Trading stocks requires careful consideration of the many different approaches available to optimise portfolio performance. Algorithmic trading is one such strategy focused on automating trading activities as much as possible. To begin a successful trading career, it is important to be familiar with the concepts of algorithmic trading and the strategies associated with it. Here, we explain the fundamentals of algorithms in stock trading and provide some approaches for beginners.
At its core, algorithmic trading is the use of computer programs to analyze and execute trades based on input and outputs that are created from a set of predetermined rules. It is becoming increasingly prevalent within today’s markets, where the vast majority of transactions are automated and determined by algorithms. This method can be utilized by traders of all levels, from beginner to experienced, as it largely removes the emotion from the trading process.
In algorithmic trading, traders can use a variety of different strategies, from scalping and market making to trend following and arbitrage. Scalping is a strategy which attempts to make quick profits from small price movements and is commonly used in highly liquid markets. Market making is a slightly more complex strategy, allowing traders to benefit from the spread between bid and offer prices. Trend following relies on the ability to identify trends, and is often conducted over multiple time frames.
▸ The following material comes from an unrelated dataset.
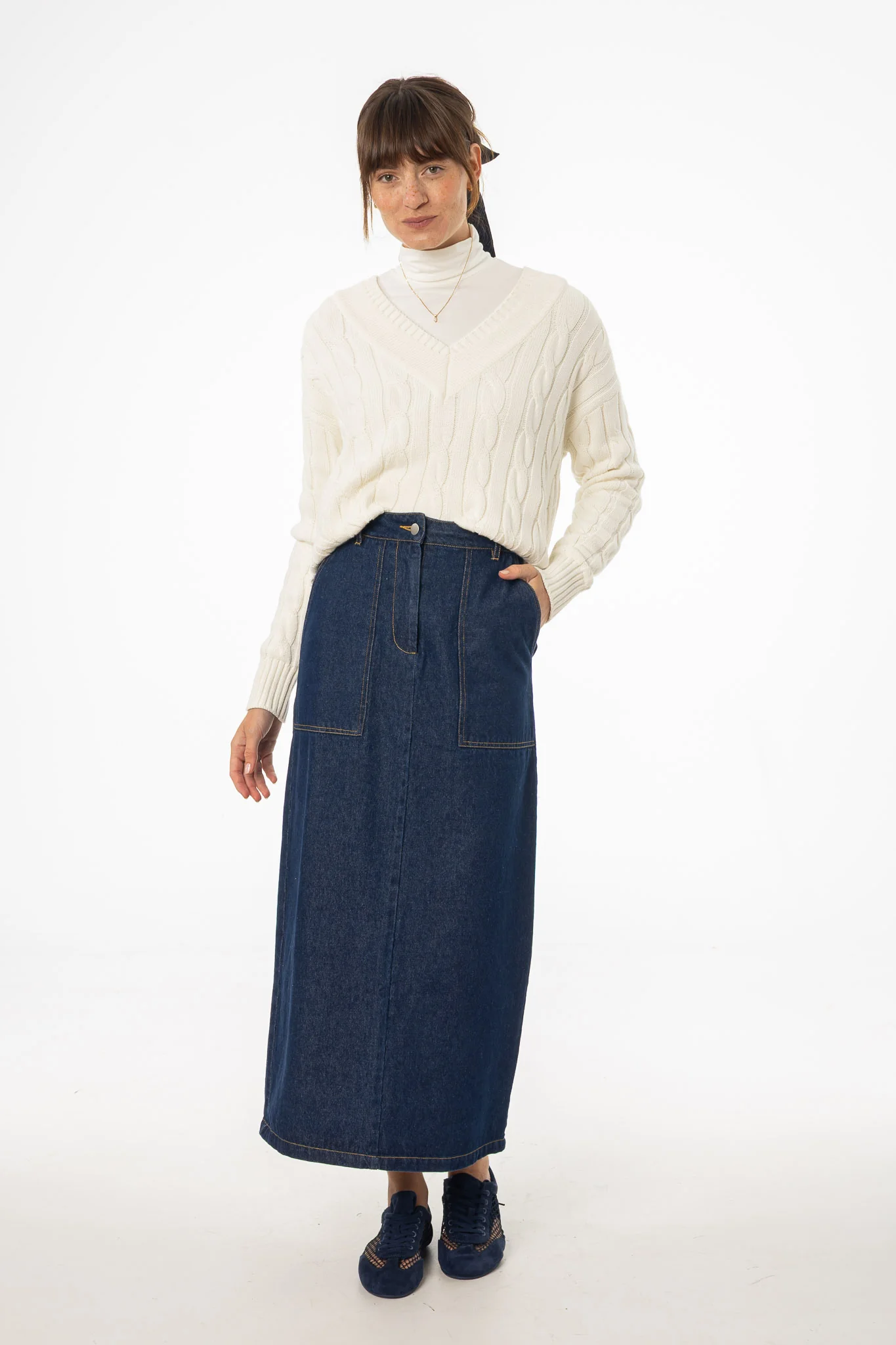 Blue Exposed Pocket Denim Skirt - Image 5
Meanwhile, arbitrage seeks to exploit pricing discrepancies between multiple markets, enabling traders to buy stocks in one market and simultaneously sell them in another, profiting from price differences.
For novice traders, a sensible approach should include a combination of trend following and scalping strategies. It is also prudent to maintain a trading journal, recording all trades and the results of each, as well as any other insights gained from analysis. Such records are extremely helpful in both formulating strategies and identifying errors.
It is also important to use professional grade software to trade. Such programs often contain complex algorithms to identify trends and place trades, making them a worthwhile investment. Additionally, traders should take the time to accurately backtest their strategies prior to implementation, ensuring that the strategies are appropriate for their chosen markets.
To further enhance performance, traders should focus on developing an understanding of technical analysis, rather than relying exclusively on automated strategies. Technical analysis and indicators have been used for many years, with traders relying on them to identify areas of potential entry and exit in the markets. While algorithmic trading may have an element of human intuition involved, technical analysis can often provide a more comprehensive approach towards making trading decisions.
Overall, algorithmic trading is an effective tool for all traders, from novice to experienced, as it removes emotions from the trading process. As such, it is important to familiarize yourself with the fundamentals of algorithmic trading and the various strategies available. Additionally, take the time to set up accurate backtesting and use technical analysis to hone in on the best entry and exit points. With the right combination of strategies and dedication, novice traders can significantly improve their performance.